The first is our cover story. Although we’ve been big fans of John Blaustein for decades, until now, we’d never featured his photography. We finally got it together when we learned that a new edition of John’s classic book, The Hidden Canyon, was in the works. It came up in a conversation John was having with our photo editor, Jeff Kida. After Jeff talked to John, John sent us his files, and a portfolio was born.
As you’ll see in Deep Down Inside, all of John’s images were made in the inner Canyon, as opposed to up on the rim. He wasn’t the first photographer to do that, but his catalog of river-level photography is among the most impressive we’ve ever seen. And there’s a reason for that: John’s been running the river and making great photographs since 1970. On one of his early trips, he was joined by Edward Abbey, who wrote the journal entries for
The Hidden Canyon. According to John, Mr. Abbey was lured by the promise of “a free river trip and all the beer he could drink.”
“He was fun on the river,” John says. “When I tried to see what he was writing, he’d swat me away like a fly — like, ‘Don’t worry; I’m doing your book just fine.’ If I’d known then what I know now, I would have gotten more pictures of him, but I only have two or three.” That said, John has many vivid memories of the irascible writer. And so does Katie Lee. She and Edward Abbey were longtime friends.
About a year ago, we ran a profile of Katie Lee, who is 96 now. This month, we’re featuring her again.

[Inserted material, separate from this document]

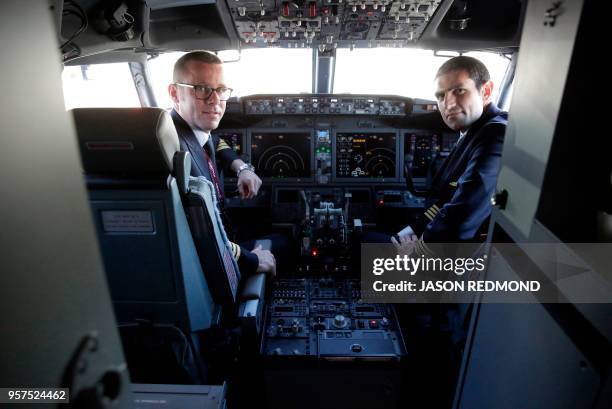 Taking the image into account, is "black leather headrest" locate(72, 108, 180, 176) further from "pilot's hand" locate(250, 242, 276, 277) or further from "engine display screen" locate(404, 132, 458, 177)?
"engine display screen" locate(404, 132, 458, 177)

She’s back because we needed something to complement John’s photography. But instead of commissioning a writer, we went to the archives and found a story that Ms. Lee had written for us in 1960. As I was reading through it, I tried to gauge how different it was to run the river back then. I’m not an expert, though, so I reached out to my buddy Mike Buchheit. He’s the director of the Grand Canyon Association Field Institute.
“Although a number of things have changed in the past five decades, from technical improvements in watercraft to layers of National Park Service regulations, the emotions, the camaraderie and the connection to a world seldom seen remain virtually the same,” he says. “As for the driftwood campfires and sporadic use of life jackets that Katie describes, that wouldn’t fly in today’s more environmentally conscious and safety-minded world.”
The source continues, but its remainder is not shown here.